Вместо него показаны немногочисленные родоплеменные общины выживших, а также герои-одиночки и стаи техноварваров. Примерно такая же картина наблюдалась и в той классической фантастике, демонстрировавший выживание на колонизируемых планетах — маленькая община коллег и друзей, выживающая во враждебном мире. Причём способ космического путешествия был совершенно не важен — в «Робинзонах космоса» Ф. Карсака вообще обходятся без всякой техники. Впоследствии такой художественный приём назовут попаданчеством.
Небольшие группы выживших, борющихся за существование, характерны и для ещё одного весьма популярного жанра — зомби-апокалипсиса. Что же общего во всех вышеперечисленных мирах мечты современного человека? Ровно одно: отсутствие привычного государственного устройства и «большого социума» как такового. Современный человек заведомо не верит в идеальное социальное устройство и поэтому хочет избавиться от всякого крупного общества.
Это неверие породило не только жанр антиутопии, но и так называемый киберпанк. Ведь помимо виртуальной реальности, характернейшим его признаком является заведомая враждебность показанного там супертехнологического общества каждому отдельно взятому индивиду. Вся власть принадлежит зловещим корпорациям и купленным ими политикам. Хоть какую-то справедливость могут обеспечить только герои-одиночки — хакеры они или аугментированные боевики.

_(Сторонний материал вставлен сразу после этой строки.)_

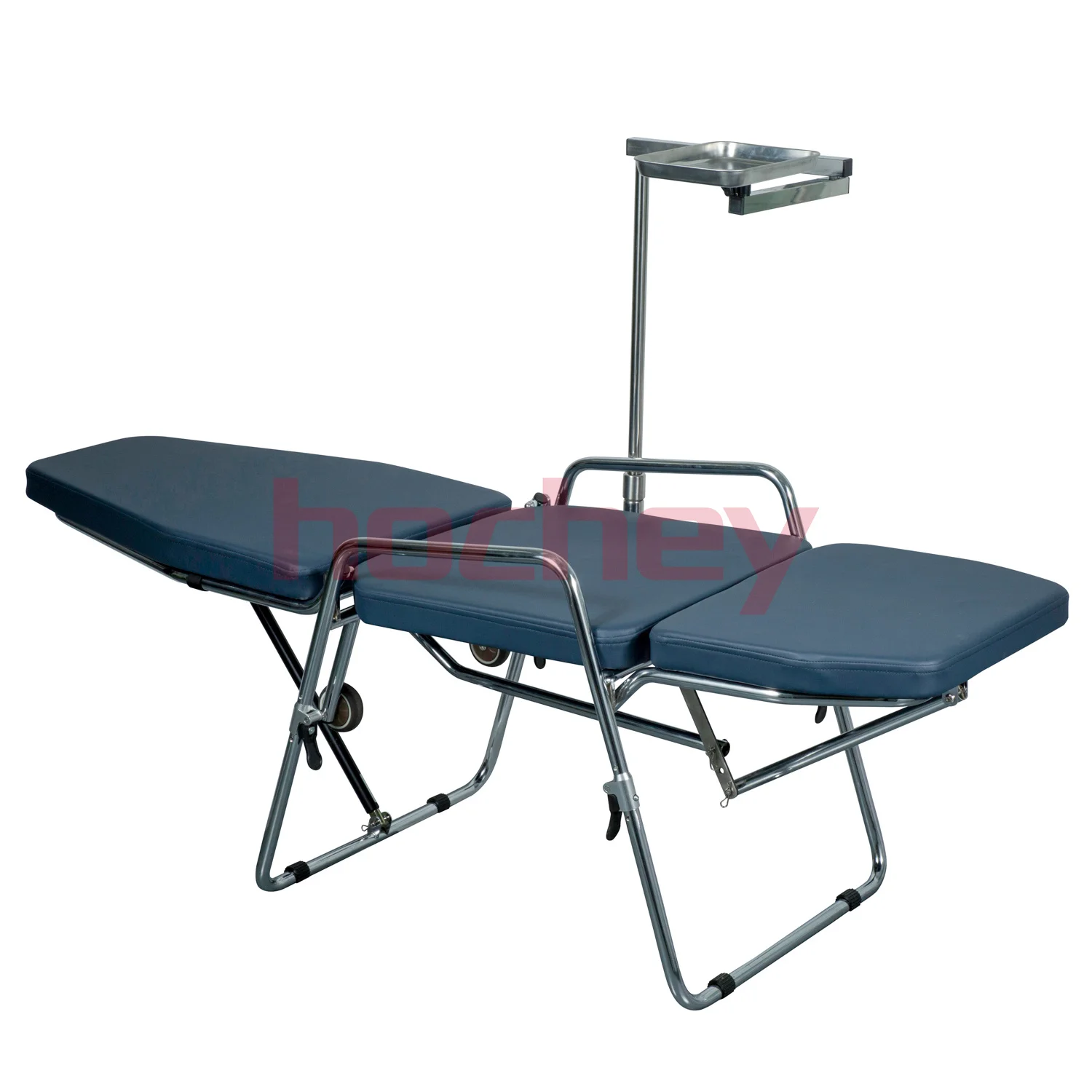 CE Approved Hot Sale High Quality Portable Foldable Dental Chair Unit Mobile Patient Chair Folding Dental Unit With Stool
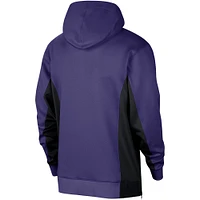 Men's Nike Purple Phoenix Suns 2023/24 Authentic Showtime Full-Zip Hoodie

Тезис о том, что массовый современный читатель и зритель боится и ненавидит не только государства с корпорациями, но и большой социум в целом, может быть оспорен — ведь в попаданческом жанре герой редко когда оказывается один или с небольшой командой «своих» вне социума. Обычно он вписывается в какой-то другой социум, фэнтезийный или псевдоисторический, не суть важно. Но так ли это на самом деле?
Вспомним классический для русскоязычного писателя попаданческий цикл Звягинцева «Одиссей покидает Итаку». Ведь там все другие планеты, параллельные миры и базы в прошлом нужны лишь в качестве поля боя или площадки для обустройства реальности по своему вкусу. Сколько-нибудь субъектна в этих книгах лишь сама команда героев, и те конкретные личности, которые в неё включаются (или ей противостоят) по ходу действия.
В отличие от «выживанческого» жанра, попаданцы чаще всего представляют собой либо одинокого героя, либо группу лиц, которые покинули привычный им мир, чтобы преобразовать какой-нибудь другой, подвернувшийся им, по своим меркам и предпочтениям. Если «освоенцы новых миров», или «выживанцы в постапокалипсисе» воспроизводят шаблон «первобытное племя в опасном мире», то попаданцы демонстрируют другой, но столь же древний шаблон: «изгнанники из родного племени ищут себе место в мире».
Несмотря на упоминание Одиссея в заглавии самого первого романа Звягинцева, его герои вовсе не стремятся вернуться на Родину. Или, к примеру, спасти свой родной мир позднего СССР, исправив в нём отдельные косяки. Так станут поступать только персонажи книг, появившихся существенно позже распада Советского Союза. И пишут их именно те, для кого СССР — не родной дом, а далёкая мечта. Примерно такая же, как альтернативная «белая Россия» для того же Звягинцева.
Попаданцам их изначальный мир, который они покинули, обычно вообще не интересен. Им подавай какой-нибудь другой, в зависимости от личных вкусов и предпочтений находящийся в прошлом, фэнтези, компьютерной игре, далёком космосе — не суть важно. И самое главное, чего не будет в этом ином мире — привычного государства и общества. Они сами станут новым обществом (иногда в лице одного человека, иногда как группа единомышленников), корёжащим окружающую реальность по своим представлениям о правильном. И был только один популярный российский писатель, который хоть сколько-то реалистично обрисовал, куда приводят подобные мечты — Евгений Лукин в трилогии «Слепые поводыри».